I'm happy to vote for women--because I don't care if they're women or not. I care about what they think, not whether they have interior or exterior personal plumbing. As a result, I didn't vote for Hillary Clinton, and I have never voted for Senator Barbara Boxer--who, incidentally is probably one of the dumbest people ever to sit in the Senate--or Senator Dianne Feinstein, who is not. I did, however, vote for Meg Whitman when she ran for governor 6 years ago. Are those who didn't vote for her misogynists? The only two politicians to whom I've ever donated money were women, and they both lost their elections. Heck, I've even voted for a woman who was a Democrat--March Fong Eu, when she was California's Secretary of State. Her office made sure I had my election materials well in advance of elections when I was away from California in the army, why mess that up?
As an aside, I've voted for many Democrats over the years. How could I not, when here in California we know the political parties of even those who run for supposedly non-partisan offices such as Secretary of State, Superintendent of Public Instruction, and Insurance Commissioner?
But back to women. I'd have been happy to vote for Governors Susanna Martinez or Nikki Haley or Sarah Palin, or Congresswoman Mia Love, had I lived in their states. And I'd be happy to vote for Kristi Noem if I lived in her state:
Rep. Kristi Noem (R-S.D.), just reelected last week to a fourth term, announced Monday she will run for South Dakota governor in 2018.So you see, it has nothing to do with a politician's sex for me, it has to do with their views and capabilities. It doesn't have to do with their ethnicities, either, as Governor Martinez is an American of Hispanic heritage, Governor Haley is an American of (East) Indian heritage, and Representative Love is an American whose skin is black. And I wouldn't vote for them because of ethnicity or race, although I like to point it out to lefties because, for some reason, they like to talk a lot about such things.

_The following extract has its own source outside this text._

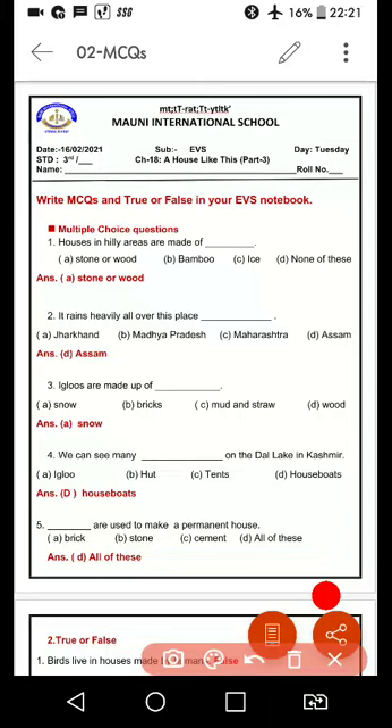Hello students, good morning. Today we are going to do some extra question and answers for chapter number 18. So, let's just start with multiple choice questions.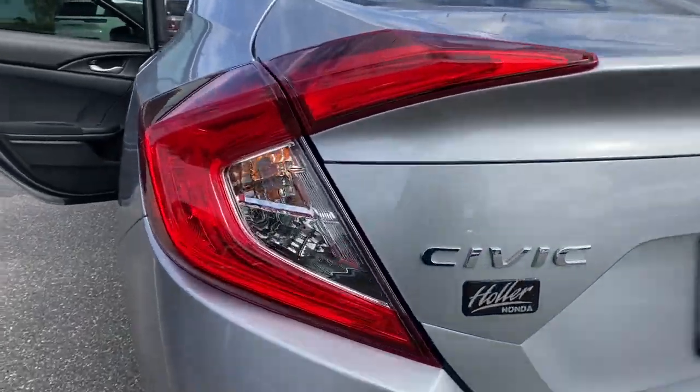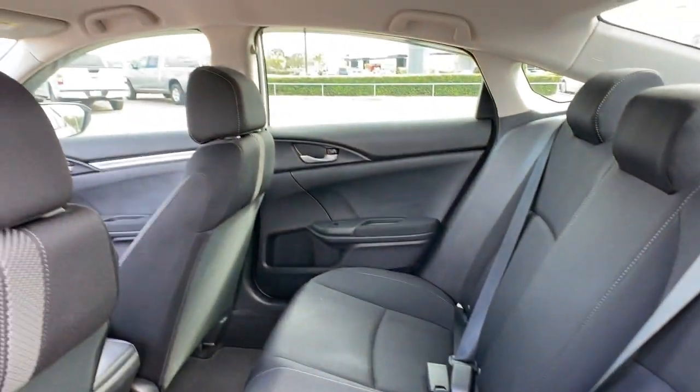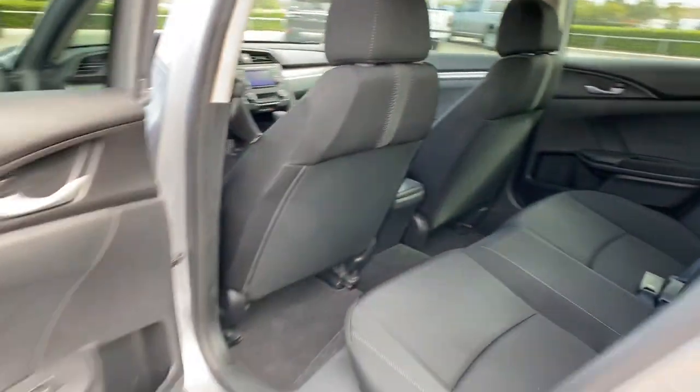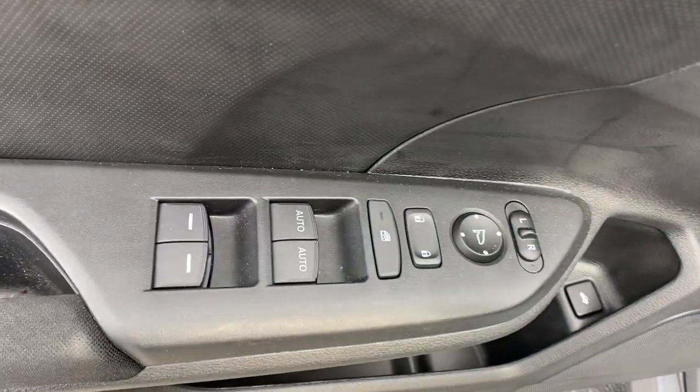These are just some of the great options this vehicle comes with: keyless entry, backup camera, Bluetooth connection, steering wheel audio controls, stability control, intermittent wipers, traction control, tire pressure monitoring system, floor mats, and passenger vanity mirror.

The American Left likes to treat women like its own little voting bloc, one to simultaneously stir up and pander to for its own devices. Maybe, hopefully, that tactic won't work so much going forward:
Sisterhood is dead. If the left learns nothing else from this election, perhaps they should understand that there’s no such thing as female solidarity — not, at least, as they envision it...Let's hope.
When women were genuinely oppressed — before they could vote, before they could own property, before they could have the same access to education or the same opportunities in the workplace — it might have been possible to appeal to them as a bloc, even as a movement.
But in an era when women get a greater percentage of the college degrees and women without children earn more than their male counterparts, most women don’t see themselves as victims, let alone ones who need to join hands in solidarity.